EXERCISE: Copy out the data below. Leave nothing out and alter nothing.

+ + +

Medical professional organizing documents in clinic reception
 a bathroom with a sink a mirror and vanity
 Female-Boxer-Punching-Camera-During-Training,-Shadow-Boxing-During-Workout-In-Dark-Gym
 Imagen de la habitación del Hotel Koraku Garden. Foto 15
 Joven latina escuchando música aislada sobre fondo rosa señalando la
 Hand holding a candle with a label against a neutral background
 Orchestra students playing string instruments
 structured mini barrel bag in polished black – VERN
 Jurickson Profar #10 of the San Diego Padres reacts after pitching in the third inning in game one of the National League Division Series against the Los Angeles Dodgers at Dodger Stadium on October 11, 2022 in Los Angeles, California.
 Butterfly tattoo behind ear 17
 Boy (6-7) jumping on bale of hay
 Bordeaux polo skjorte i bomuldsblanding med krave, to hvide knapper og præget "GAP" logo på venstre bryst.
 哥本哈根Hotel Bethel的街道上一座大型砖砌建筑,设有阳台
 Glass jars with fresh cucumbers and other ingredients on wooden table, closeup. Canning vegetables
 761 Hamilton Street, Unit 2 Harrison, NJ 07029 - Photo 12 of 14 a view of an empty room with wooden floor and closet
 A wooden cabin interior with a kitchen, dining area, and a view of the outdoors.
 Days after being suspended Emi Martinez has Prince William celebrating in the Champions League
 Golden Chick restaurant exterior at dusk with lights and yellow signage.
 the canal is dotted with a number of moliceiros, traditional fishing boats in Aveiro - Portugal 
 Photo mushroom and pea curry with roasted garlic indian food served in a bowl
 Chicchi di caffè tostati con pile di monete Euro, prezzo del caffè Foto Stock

+ + +

EXERCISE ANSWER:
Medical professional organizing documents in clinic reception
 a bathroom with a sink a mirror and vanity
 Female-Boxer-Punching-Camera-During-Training,-Shadow-Boxing-During-Workout-In-Dark-Gym
 Imagen de la habitación del Hotel Koraku Garden. Foto 15
 Joven latina escuchando música aislada sobre fondo rosa señalando la
 Hand holding a candle with a label against a neutral background
 Orchestra students playing string instruments
 structured mini barrel bag in polished black – VERN
 Jurickson Profar #10 of the San Diego Padres reacts after pitching in the third inning in game one of the National League Division Series against the Los Angeles Dodgers at Dodger Stadium on October 11, 2022 in Los Angeles, California.
 Butterfly tattoo behind ear 17
 Boy (6-7) jumping on bale of hay
 Bordeaux polo skjorte i bomuldsblanding med krave, to hvide knapper og præget "GAP" logo på venstre bryst.
 哥本哈根Hotel Bethel的街道上一座大型砖砌建筑,设有阳台
 Glass jars with fresh cucumbers and other ingredients on wooden table, closeup. Canning vegetables
 761 Hamilton Street, Unit 2 Harrison, NJ 07029 - Photo 12 of 14 a view of an empty room with wooden floor and closet
 A wooden cabin interior with a kitchen, dining area, and a view of the outdoors.
 Days after being suspended Emi Martinez has Prince William celebrating in the Champions League
 Golden Chick restaurant exterior at dusk with lights and yellow signage.
 the canal is dotted with a number of moliceiros, traditional fishing boats in Aveiro - Portugal 
 Photo mushroom and pea curry with roasted garlic indian food served in a bowl
 Chicchi di caffè tostati con pile di monete Euro, prezzo del caffè Foto Stock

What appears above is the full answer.